[Editor's note: This article was update for specificity and clarity. We apologise for the inconvenience caused.]
Cape Town - Fifty-five years after the martyrdom of Muslim cleric and anti-apartheid activist Imam Abdullah Haron, his family has shared more openly about the outcomes of the reopened inquest delivered last year, into their father’s death in police detention.
The Qibla Movement, founded by the late anti-apartheid activist Imam Achmad Cassiem, hosted the 55th annual commemoration of the Imam’s death, at Alexander Sinton High School, on Saturday.
The youngest daughter of Imam Haron, Fatiema Haron Masoet, delivered an address on behalf of her brother, professor Muhammed Haron, reflecting on their father’s murder 55 years on, and whether “justice had been done or seemingly done?”

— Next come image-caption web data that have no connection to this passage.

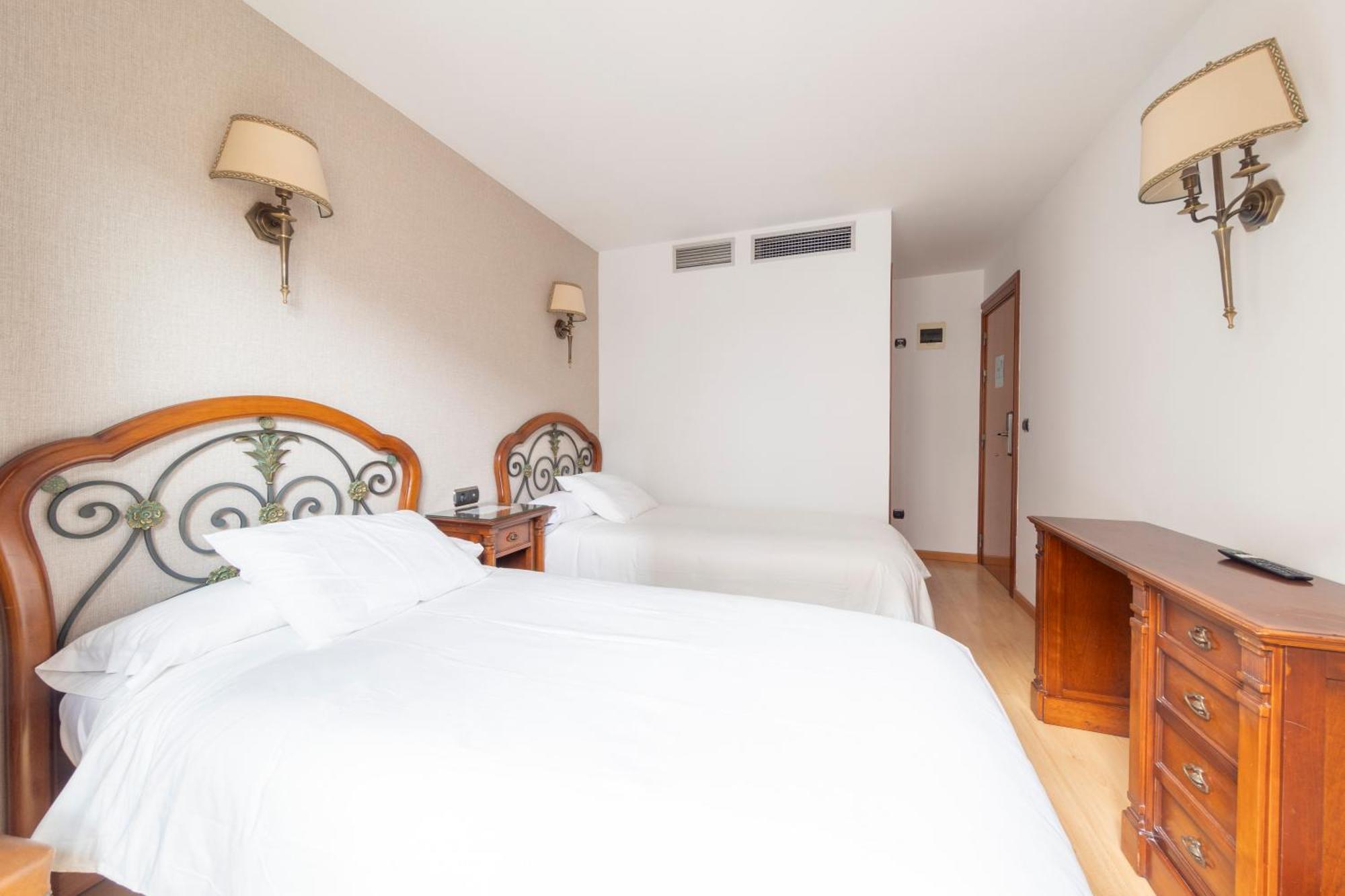 Hostal Sin Recep24H Puerta De La Villa - Pet Friendly & Restaurante Альмасан Экстерьер фото
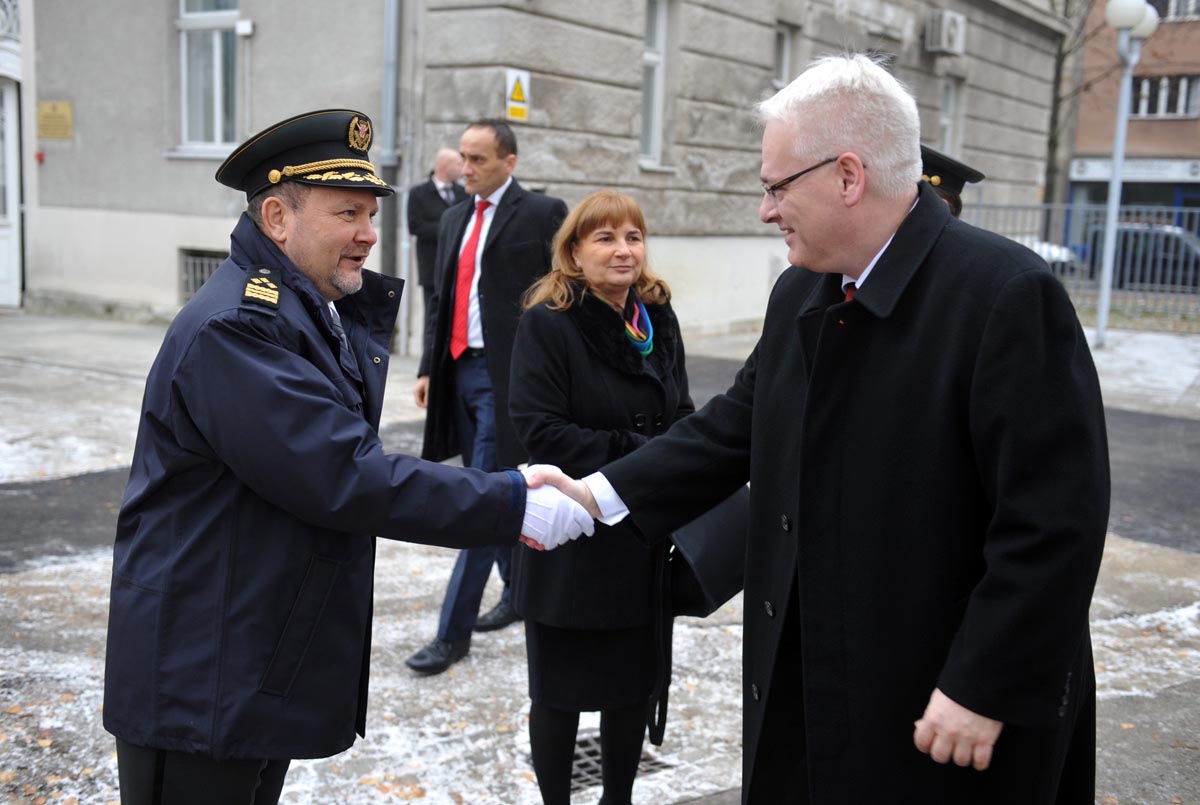 https://www.morh.hr/wp-content/gallery/22-obljetnica-hvu-a-i-prisega-11-narastaja-kadeta/22_obljetnica_hvu_19122013_02.jpg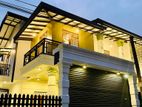 Ultra Mordern 3 Storied Luxury House in Makuluduwa
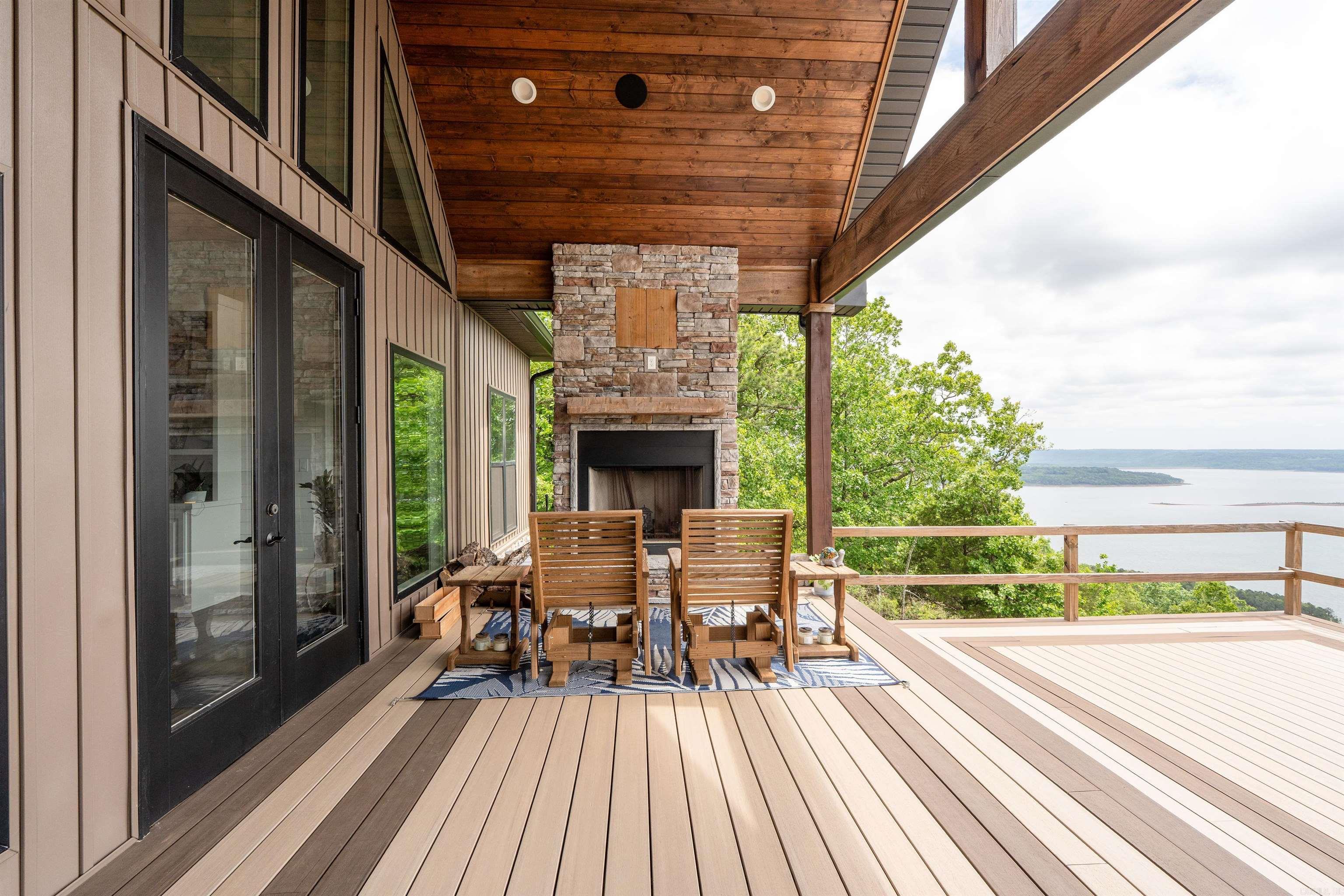 WINDCHASE - Residential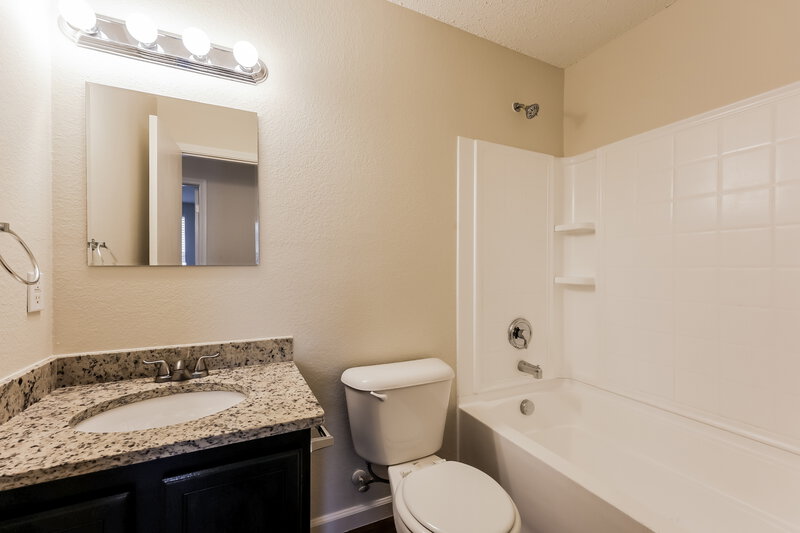 2,040/Mo, 16549 Jasmine Springs Dr Justin, TX 76247 Bathroom View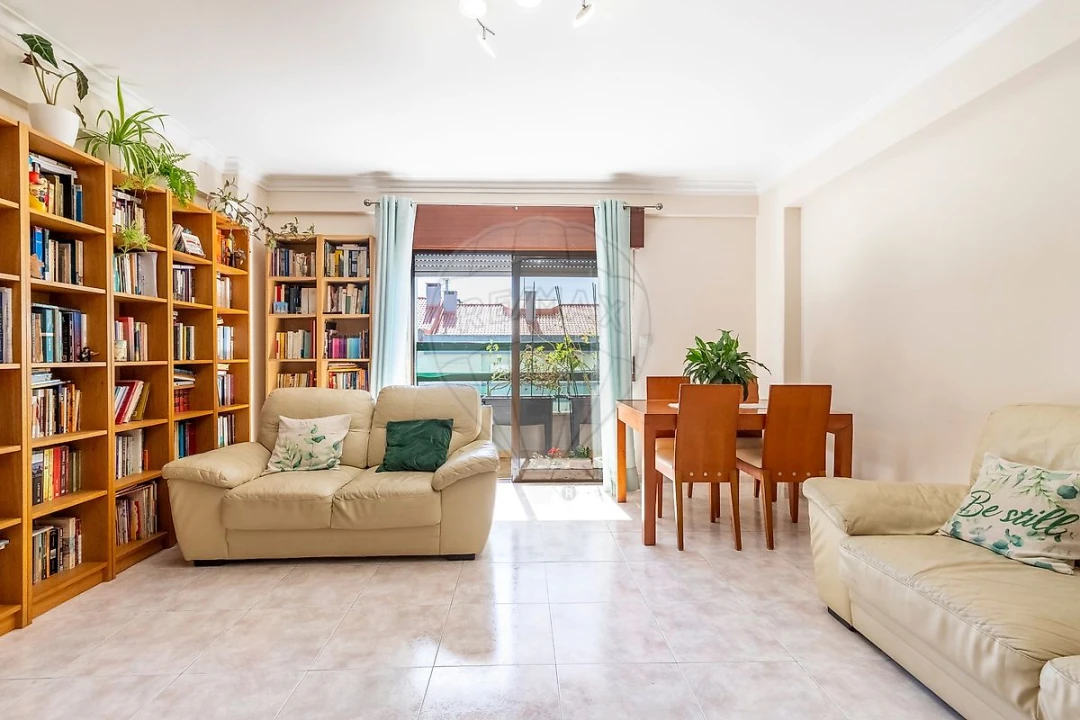 Apartamento T3 para Venda em Agualva e Mira-Sintra Foto 4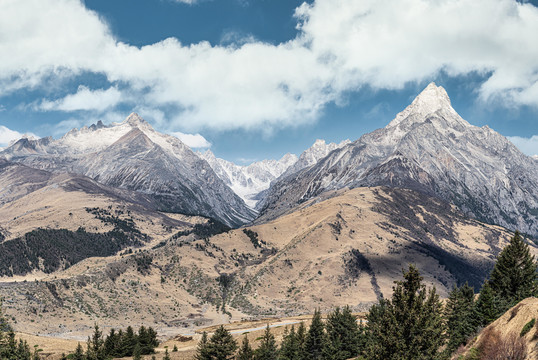 格聂山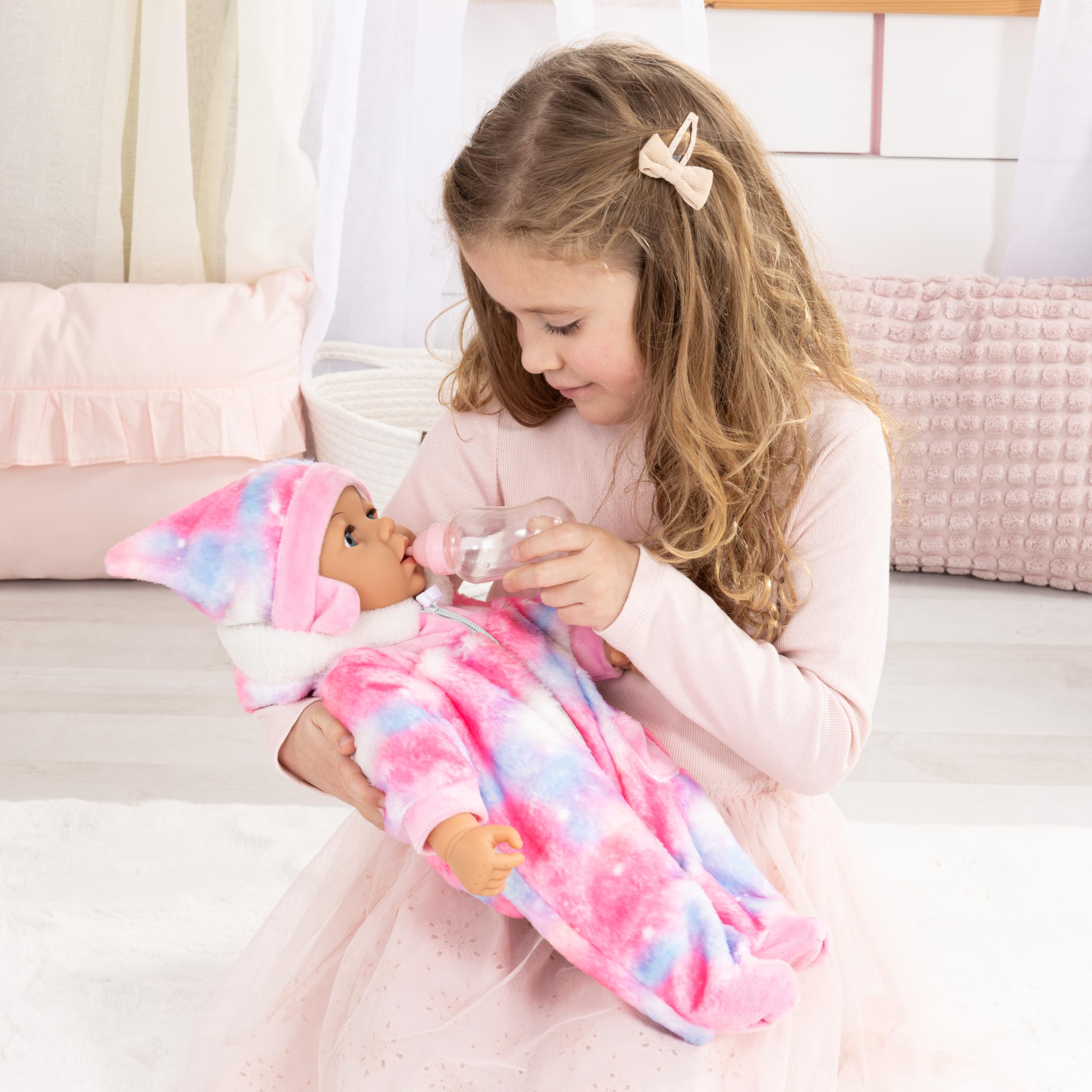 Bayer Design Interaktive Puppe Piccolina Magic Eyes, 46 cm mit Zubehör | Funktionspuppe, bewegt den Mund, blinzelt mit den Augen, sprechend, weicher Körper, Schnuller, Flasche und viel Zubehör
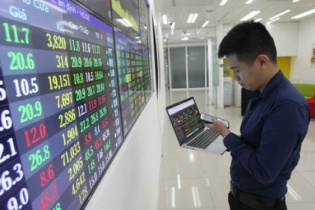 Ủy ban chứng khoán đề nghị các địa phương đưa chứng khoán vào danh mục thiết yếu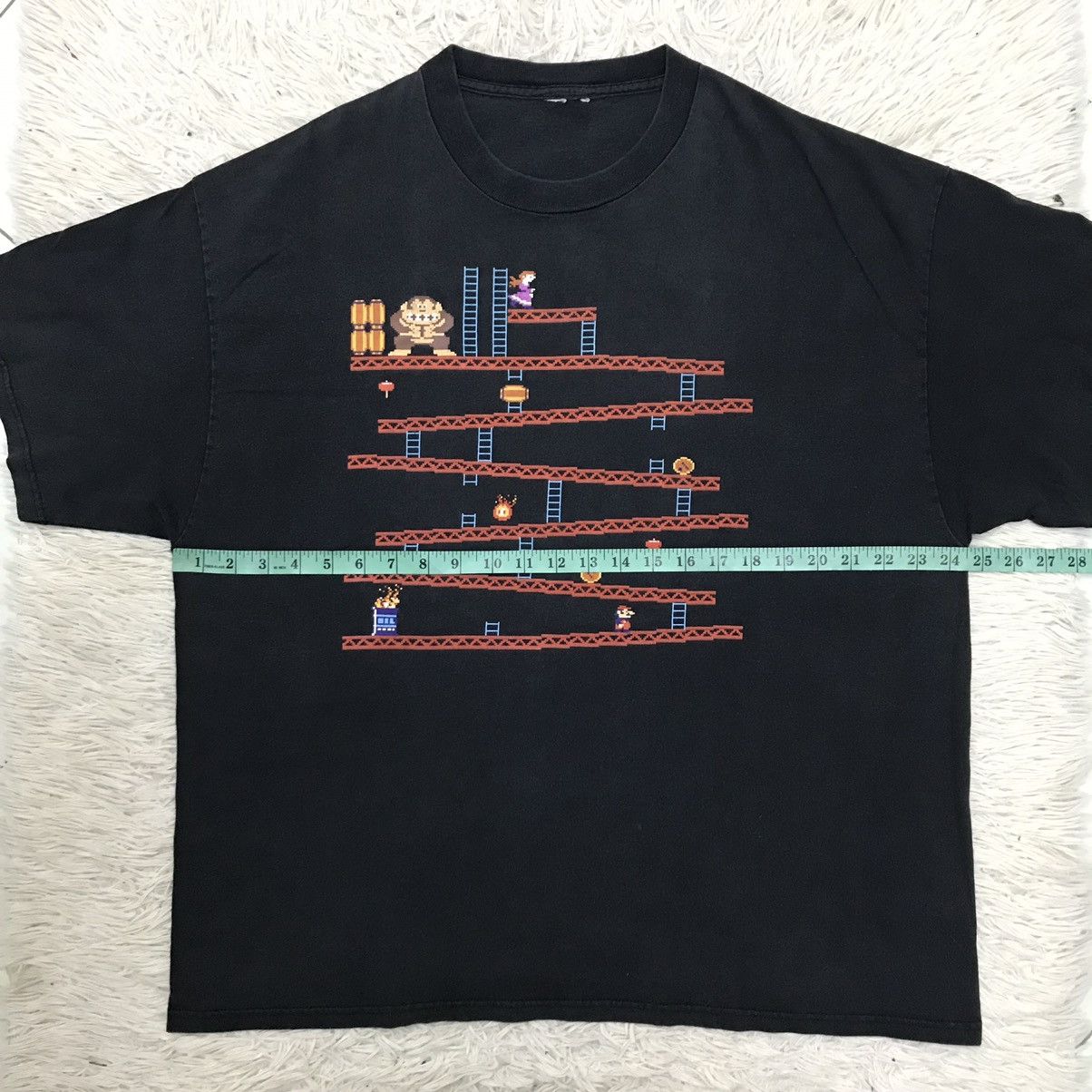 The Game VINTAGE DONKEY KONG PROMO NINTENDO GAMING TSHIRT Size US XL / EU 56 / 4 - 11 Thumbnail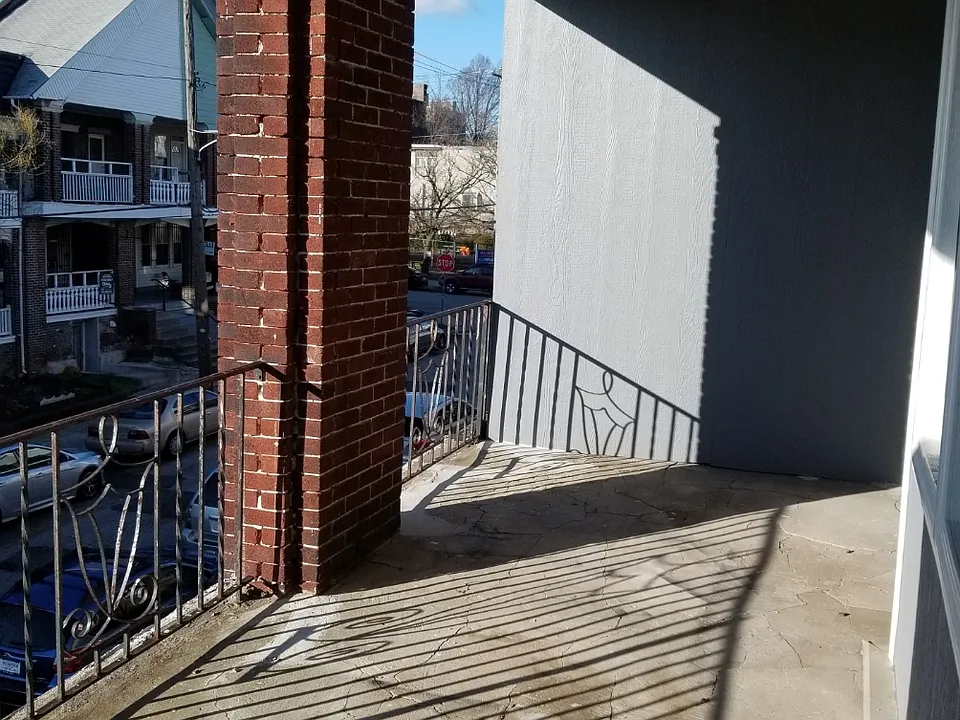 Building Photo 4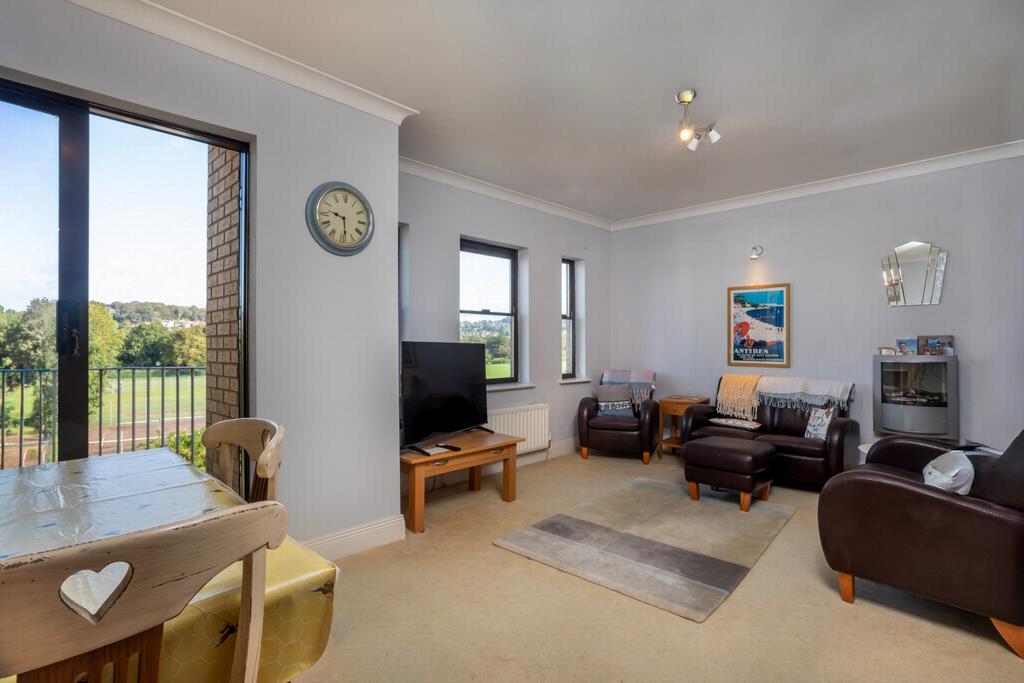 Sitting/dining room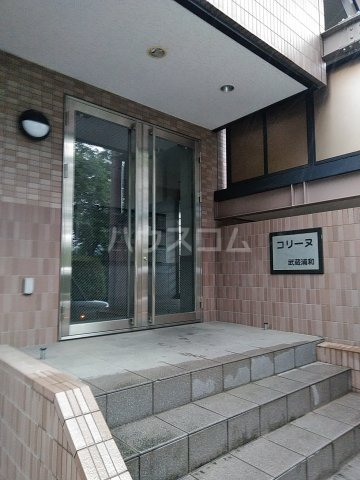 2/4 エントランス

She said, according to the outcome of the reopened inquest, Imam Haron was cruelly tortured every single day and in the end cold-bloodedly killed.
“This torturous painful deed was carried out by high-ranking members who were part of the dishonourable Security Branch ...
“They escaped public punishment and they arrogantly declined to appear before the Truth and Reconciliation Commission (TRC) that was in session between 1995 and 1997.
“The unfinished business of the TRC should be dealt with, to support victim families and survivors in pursuing criminal accountability for apartheid-era gross human rights violations.
“The objective must be to bring closure to victims’ families and survivors and to address the culture of impunity in view of restoring the rule of law in SA.”
Haron Masoet said the family never doubted that the Imam was viciously treated while in detention for 123 days, since May 28 until September 27, 1969, held incommunicado under the 1967 Terrorism Act.
Why the reopened inquest, 53 years after the Imam’s murder was not set to an earlier date, was partly due to the Sunset Clause and political interference.
Cassiem’s daughter, Dr Wagheda Cassiem, said while her father had never met Imam Haron before, he was deeply impacted by the Imam’s passing and experienced the tremor that was felt and widely associated with the Imam’s funeral, while incarcerated on Robben Island.
“He didn't know what was actually happening. But subsequent to that, obviously he had found out that Imam Haron was murdered so that left a very traumatic mark on my father.
“More so, because when he was released in 1970, he found that no one, not even the clergy were talking about the murder of Imam Abdullah Haron. That really saddened him, so it became almost a mission for the Qibla Movement, for my father particularly, to make sure that the martyrdom of Imam Haron was going to be heard and known.”